Slash the costs of semiconductor design by up to 80% using Amazon EC2 Spot Instances

The challenges of semiconductor design in the cloud

In semiconductor design, the cornerstone of all modern electronics, precision meets the cutting edge of technology. Designing the chips that power the devices of our daily lives is an intricate process, one which requires billions of calculations, simulations, and verifications—all within parameters measured in nanometers and picoseconds and using vast amounts of computing power.

Faced with these constraints, companies face several significant challenges when implementing electronic design automation (EDA) solutions both in the cloud and on premises:

Cost management: Migrating to the cloud can cause sticker shock due to high initial costs. However, calculations based on traditional on-premises data centers often omit expenses associated with the computing unit.

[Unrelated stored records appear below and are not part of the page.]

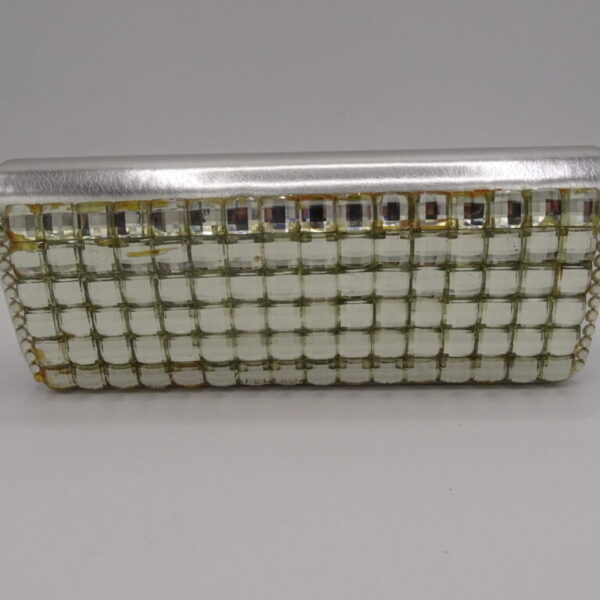 Luxe gala tas zilver met strass stenen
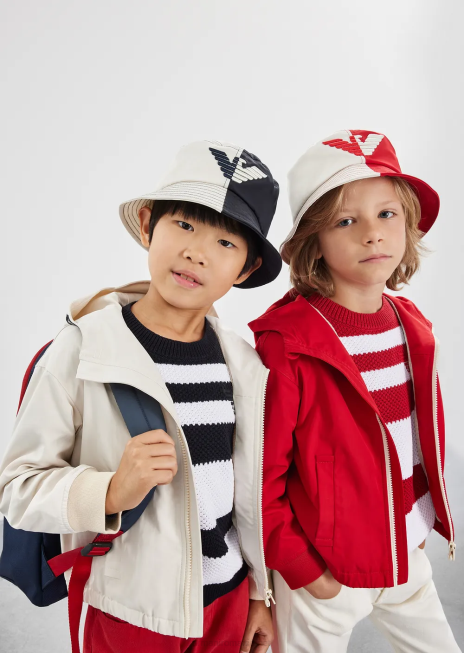 băiat R802G2424 pulover cu dungi jacquard și broderie vultur Armani albastru marin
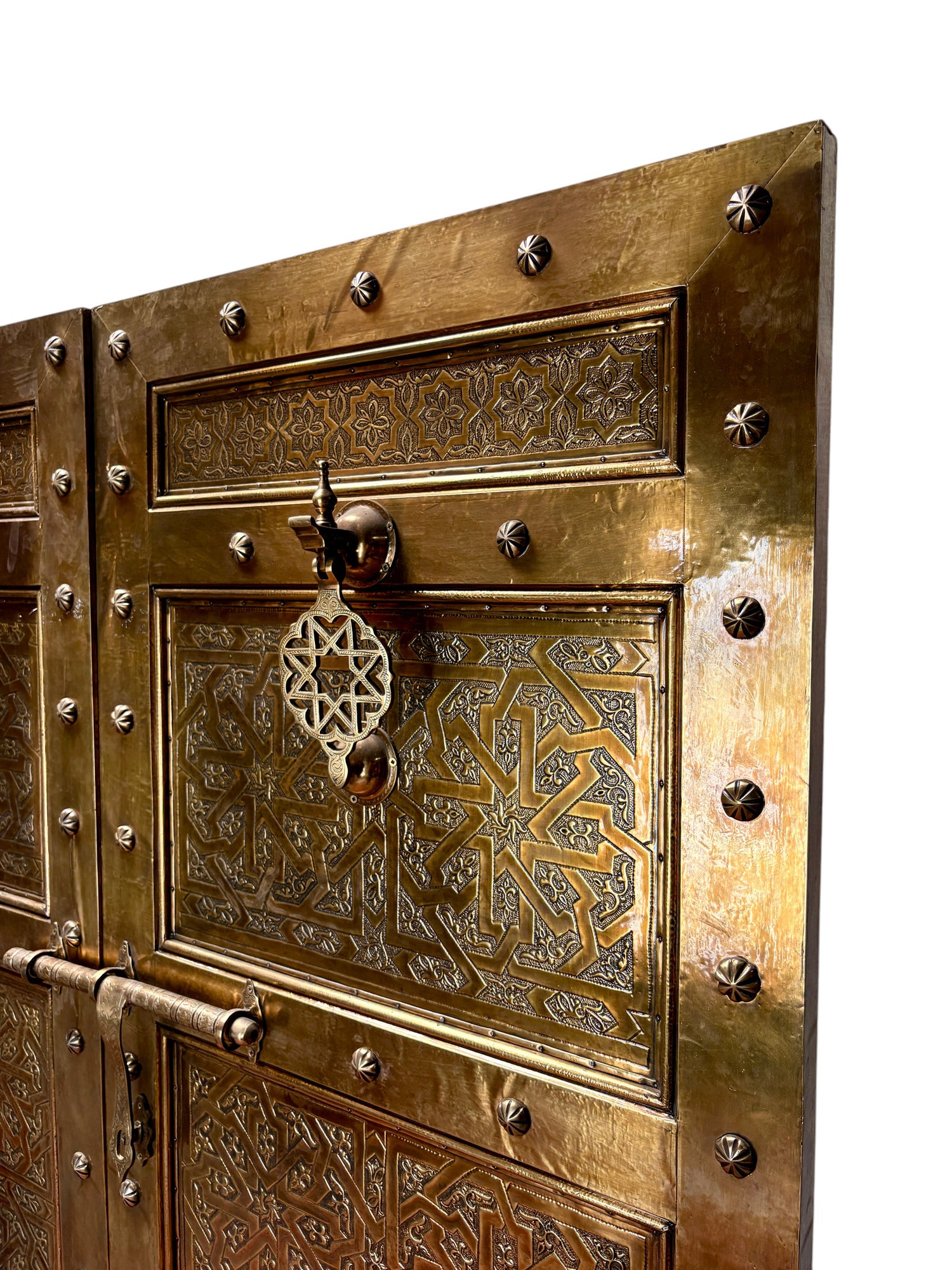 Moroccan Solid Brass Double Doors with Hand-Hammered Geometric Tooling
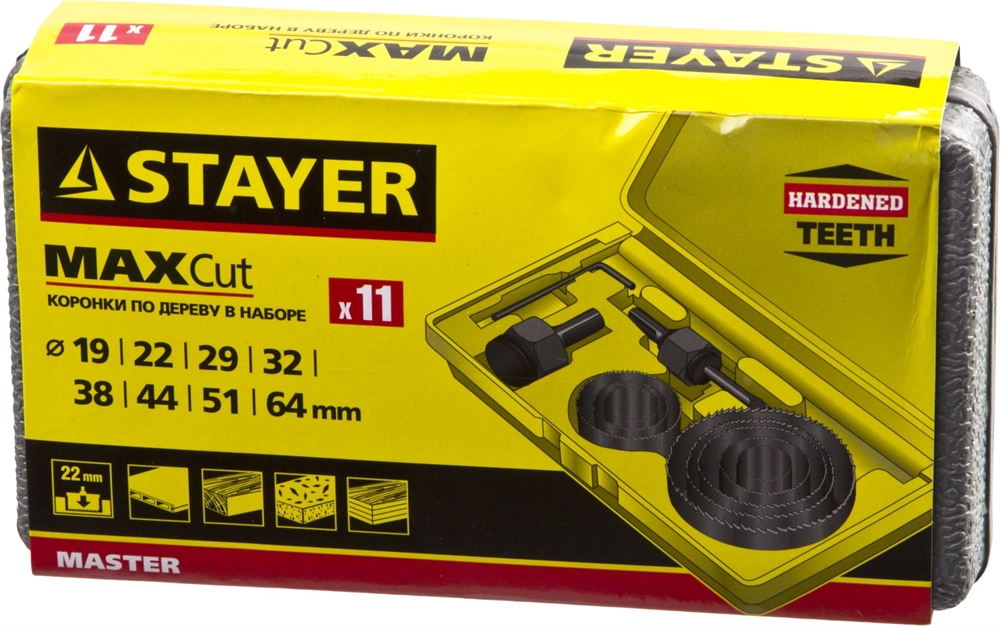 STAYER  Maxcut, 9 шт, 19-64 мм, набор кольцевых коронок по дереву (29600-H11) 29600-H11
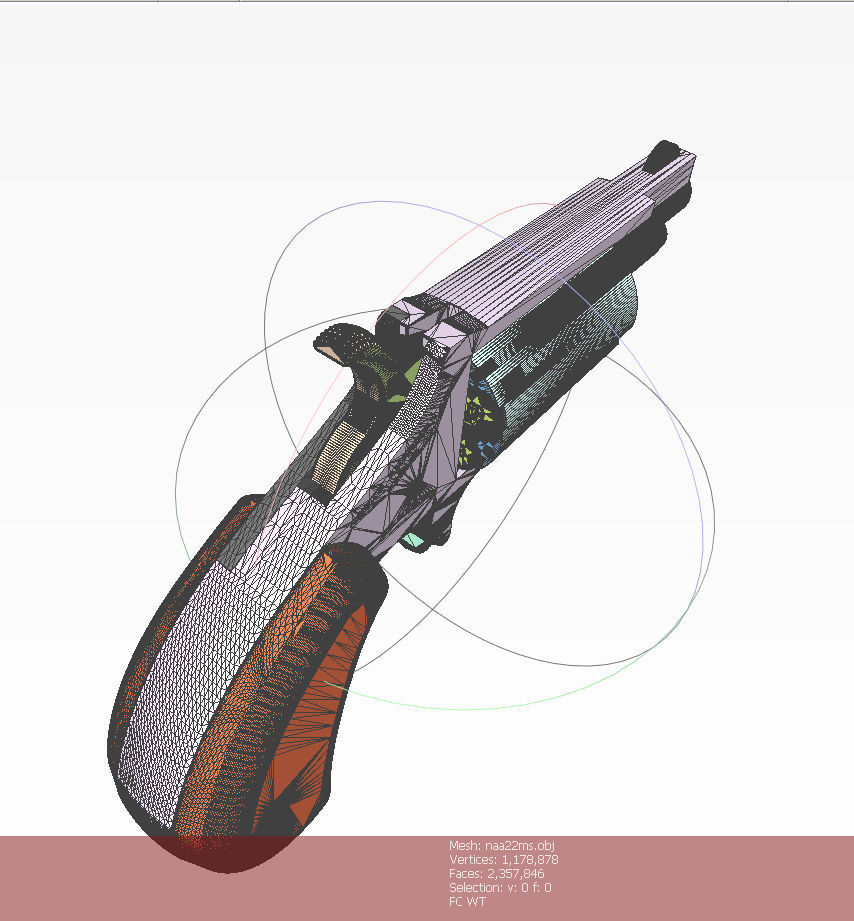 Mini revolver NAA22MS with knuckles assembly and cartridges  3D model_21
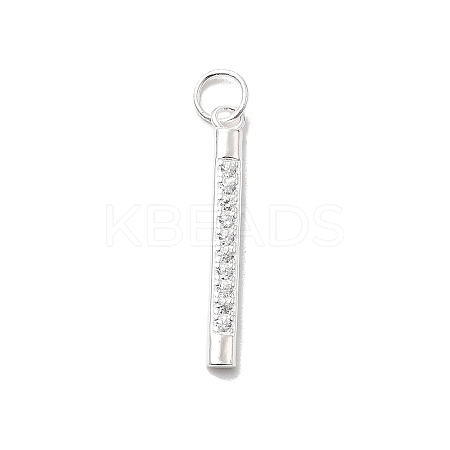 925 Sterling Silver Micro Pave Cubic Zirconia Pendants STER-D309-01E-S-1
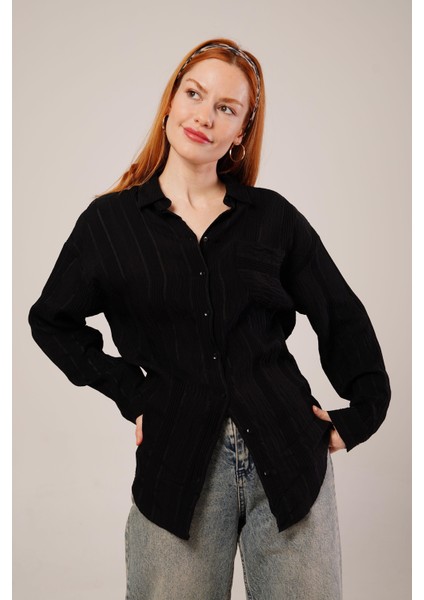Runiquehome Hakim Yaka Çizgili Cep Detaylı Siyah Gömlek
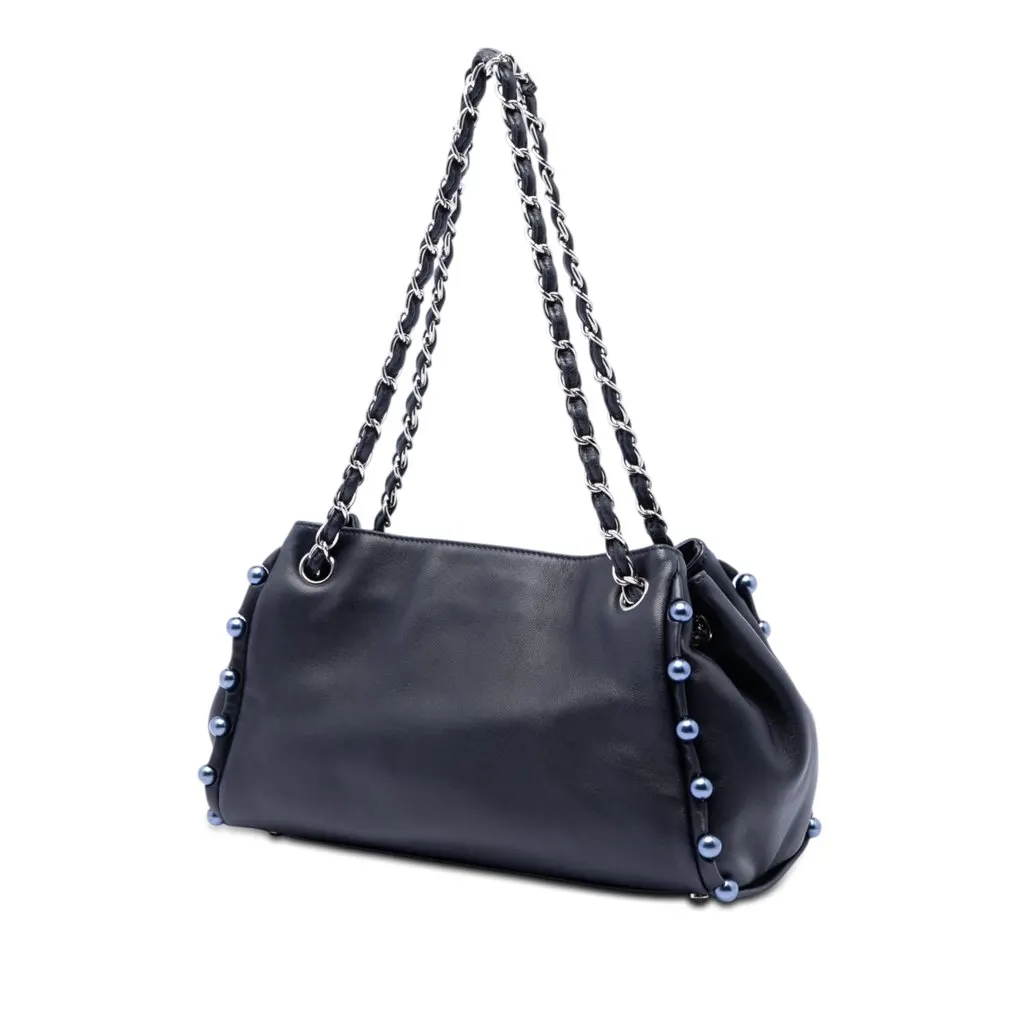 Chanel Small Lambskin Pearl Obsession Accordion Tote Blue Leather Very good - Back View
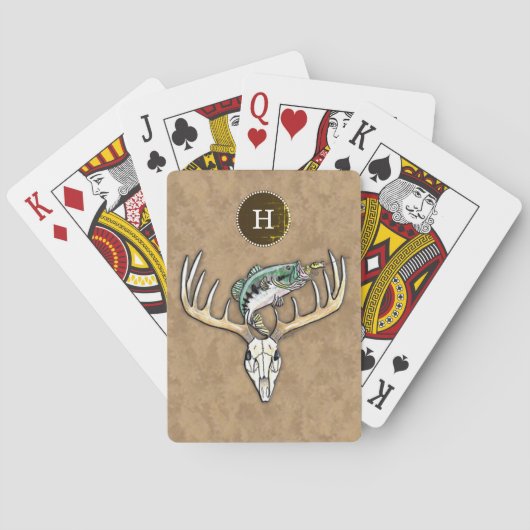 Bas over Big Buck Deer Skull Monogram Pokerkaarten (Achterkant)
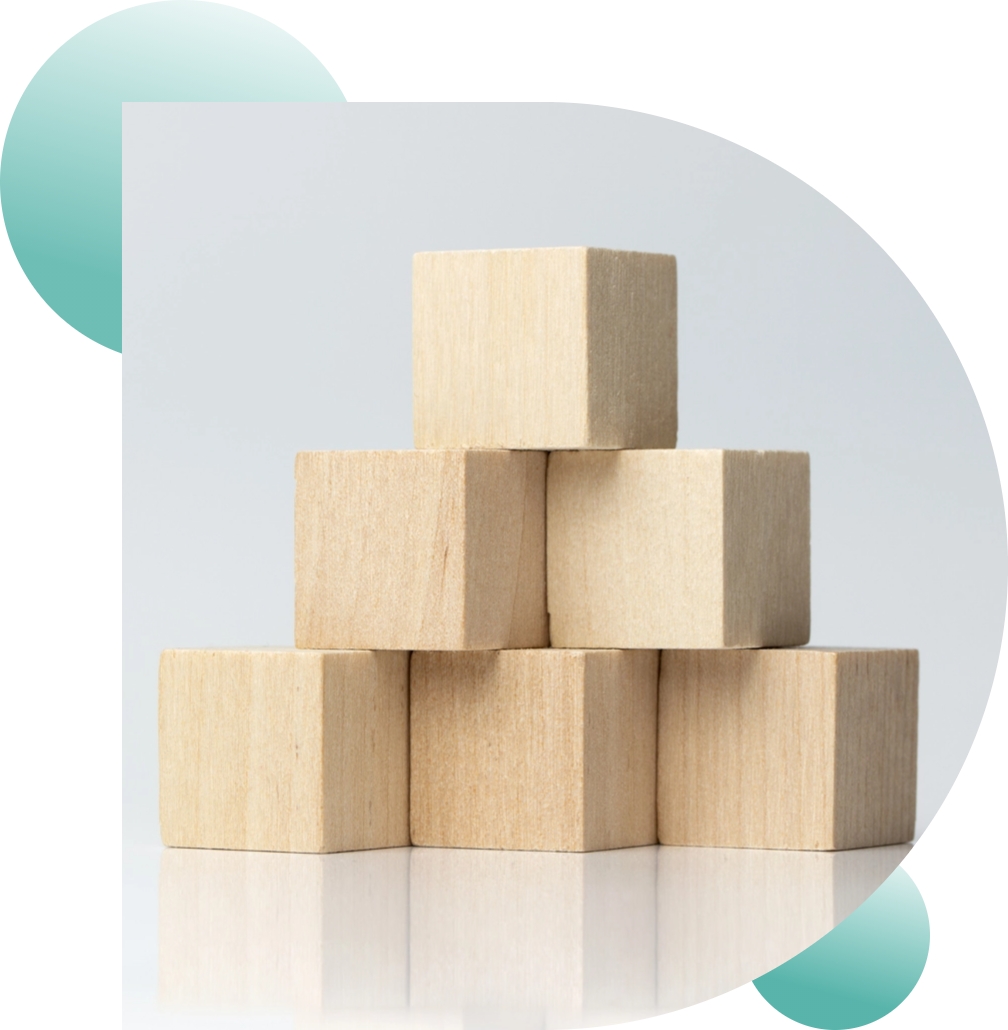 six cubes stacked, forming a triangle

With a cloud service, rent, heating, cooling, staffing, and maintenance are all bundled into the pricing. Thus, by contrast with on-premises solutions, cloud solutions transform capital expenditure into operational expenditure, allowing companies to access the latest hardware and maintain cutting-edge performance without marginal investment.
Hybrid cloud strategy:Many companies adopt a hybrid approach, utilizing cloud resources for burst computing with a view to managing costs effectively. This strategy, while cost efficient, produces complexities in resource allocation and the maintenance of operational consistency across on-premises and cloud environments.
Choosing cloud providers and services: For success with EDA workloads, selecting the right cloud provider and optimal instances is crucial. Companies must evaluate providers based on performance, cost efficiency, and suitability for specific EDA requirements.
Network performance and integrity: Maintaining robust network performance during high-load operations and migrations is essential. Innovations like secondary elastic network interfaces (ENIs) are developed to mitigate potential disruptions.

Despite these challenges, there is significant potential for cost savings with cloud-based EDA. Key services from Amazon Web Services (AWS) that are particularly relevant to cloud-based EDA include Amazon Elastic Compute Cloud (Amazon EC2), secure and resizable compute capacity to support virtually any workload; AWS Batch, batch processing for machine learning model training, simulation, and analysis at any scale; Amazon Elastic File System (Amazon EFS), which companies use to share file data without provisioning storage; and Amazon Simple Storage Service (Amazon S3), object storage built to retrieve any amount of data from anywhere. These services offer scalable computing resources, efficient job scheduling, and high-performance shared storage, which are essential for managing the computational demands of EDA processes.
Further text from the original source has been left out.